LINIKATA.COM, PATI – Program Gelar Karya Gerakan Seniman Masuk Sekolah (GSMS) Tahun 2026 tingkat Kabupaten Pati resmi dibuka di Gedung Olahraga (GOR) Pesantenan Pati, Rabu (26/8/2026) malam. Ajang unjuk bakat budaya ini dibuka langsung oleh Menteri Kebudayaan Republik Indonesia, Fadli Zon.
Gelar Karya GSMS Pati dijadwalkan berlangsung selama tiga hari hingga 28 Agustus 2026 mendatang. Sebanyak 20 sekolah tingkat SD dan SMP se-Kabupaten Pati dijadwalkan tampil unjuk kebolehan setelah mendapatkan bimbingan intensif dari para seniman profesional.
Turut hadir mendampingi pembukaan tersebut Dirjen Pelindungan Kebudayaan dan Tradisi Kementerian Kebudayaan RI, Restu Gunawan, serta Plt. Bupati Pati, Risma Ardhi Chandra.
Dalam arahannya, Menteri Kebudayaan Fadli Zon mengajak para siswa untuk terus mencintai serta menjunjung tinggi seni budaya lokal agar tidak kehilangan jati diri di tengah arus globalisasi.
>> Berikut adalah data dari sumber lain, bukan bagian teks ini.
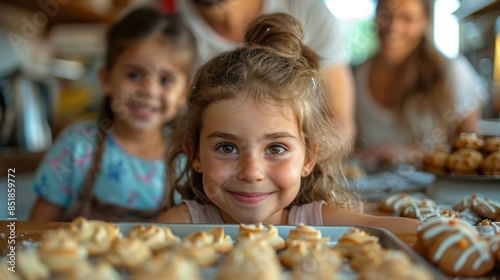 A kitchen filled with the aroma of freshly baked cookies. A young girl enthusiastically decorates cookies with colorful icing, while her older brother and father playfully sneak bites of cookie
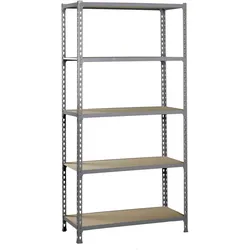 SimonRack Schwerlastregal 1800x800x300 mm, 5 Ebenen, Holzböden, 150 kg Tragkraft pro Ebene, Grau - Maderclick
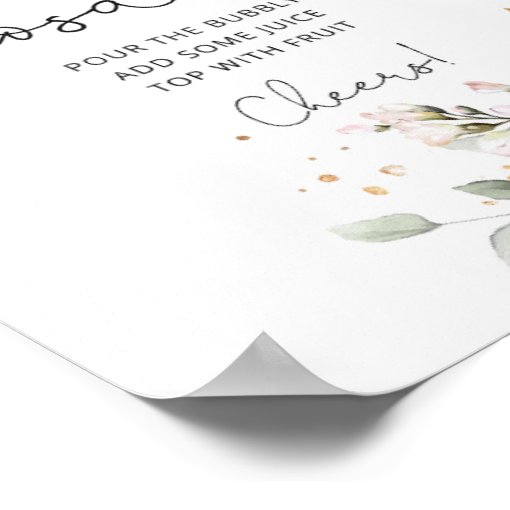 Navy blush Mimosa bar Poster Zazzle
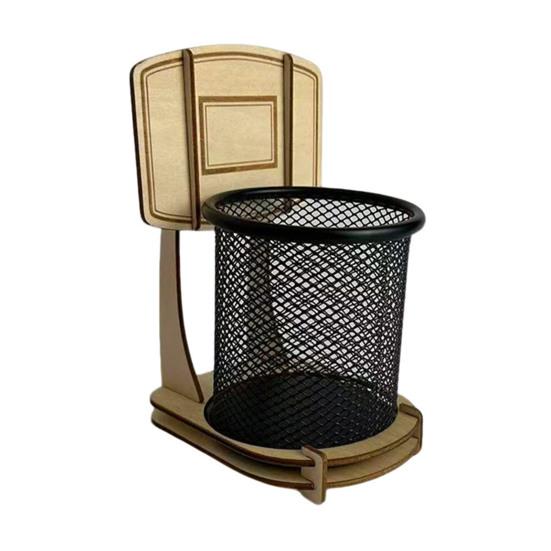 Basketball Pen Holder Metal Mesh Cup Desk Organizer Basketball Stand Style Pencil Holder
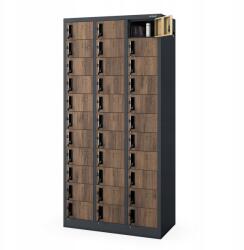 Jan Nowak Oliver Széfszekrény, 33 rekesszel, Antracit-Dió színben (1873)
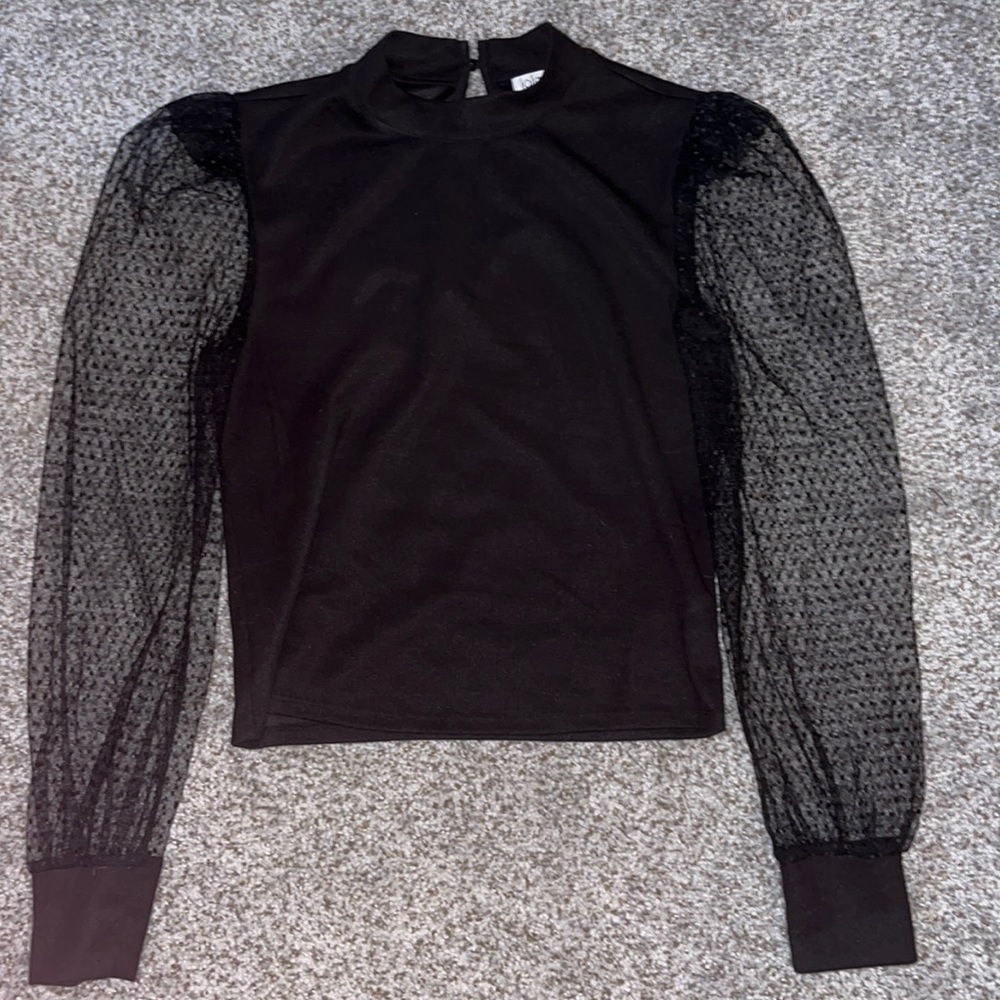 Black sheer sleeve shirt
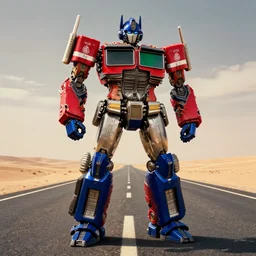 medium portrait of optimus prime transformer emblazoned with the nigerian flag standing in the middle of a deserted highway in the sahara desert, super hero pose, dramatic sky, concept art, trending on art station, aaa video game art, hyper realism, octane render
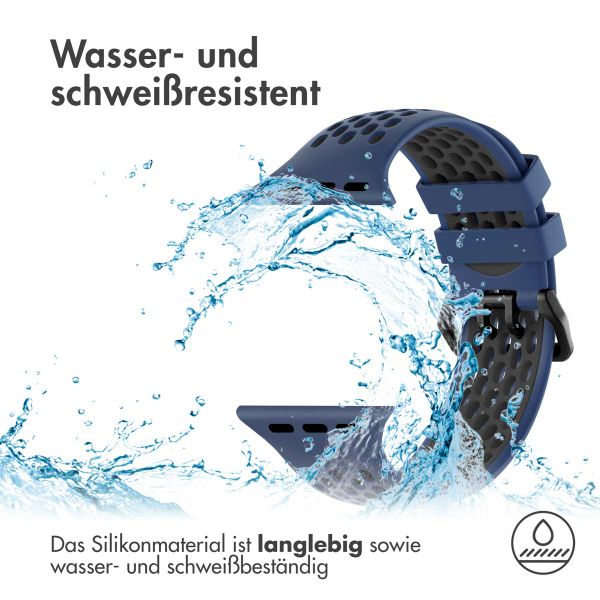 imoshion Silikonsportarmband Buckle für das Apple Watch Series 1 bis 11 / SE / Ultra (44/45/46/49 mm) - Blau / Schwarz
”Kita harus menjunjung seni budaya lokal. Harus tahu dulu di Pati ini ada apa saja ekspresi budayanya, seninya, budayanya dan inilah yang pertama kali kita kuatkan supaya kita tidak kehilangan identitas, tidak kehilangan jati diri,” ujar Fadli Zon, Rabu (26/8/2026).
Baca juga: Rayakan Kemerdekaan, Seniman Tayu Pamerkan Lukisan hingga Bonsai
GSMS Dipastikan Berlanjut dan Diperluas
Fadli Zon menegaskan bahwa Indonesia menyimpan kekayaan seni pertunjukan yang sangat beragam, mulai dari teater, tari tradisional, ketoprak, wayang orang, hingga musik kontemporer.
Ia memastikan program GSMS akan terus dilanjutkan oleh Kementerian Kebudayaan dengan peningkatan skala kuantitas maupun kualitas. Penyelenggaraan ini selaras dengan mandat Pasal 32 Ayat 1 UUD 1945 terkait kewajiban negara memajukan kebudayaan nasional di tengah peradaban dunia.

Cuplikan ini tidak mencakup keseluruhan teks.